“This type of fraudulent activity is significant,” Ragan said. “There are many potential victims, and there are many past and current victims.”
The Microsoft-owned social network boasts 830 million users from over 200 countries.
Because these con artists are not lazy, they may appear highly convincing.
“They are always thinking about different ways to victimize people, victimize companies,” Ragan told the network. “And they spend their time doing their homework, defining their goals and their strategies, and their tools and tactics that they use.”
According to Regan, the FBI has witnessed an increase in investment-related fraud. From January 2021 to March 2022, US cryptocurrency traders lost $575 million due to investment fraud, according to the Federal Trade Commission.
LinkedIn places an emphasis on business news and connections, which may provide users a false sense of security in the face of typical romance and internet frauds. According to the CNBC study, false accounts frequently pretend to be affiliated with actual and successful businesses or to represent people with “entrepreneurial spirit.”

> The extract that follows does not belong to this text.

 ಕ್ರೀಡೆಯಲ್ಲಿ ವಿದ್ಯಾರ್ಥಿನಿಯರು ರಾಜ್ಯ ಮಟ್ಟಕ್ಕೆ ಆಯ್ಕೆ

Oscar Rodriguez, LinkedIn’s head of the trust, privacy, and equity, stated that the number of scammers on the platform is growing.
“Over the last few months, we’ve seen a rise in fraudulent activity happening across the Internet, including here on LinkedIn,” Rodriguez wrote in a blog post-Thursday.
According to the company, it has a track record of proactively eliminating suspicious content and accounts that it believes may lead to fraud. According to a recent company transparency report, LinkedIn will have deleted over 136 million instances of spam and fraudulent content from its site by 2021. Last year, it also eliminated almost 31.6 million bogus accounts.
Rodriguez told CNBC that he would like to see more “proactive education” on the risks of using LinkedIn in the future.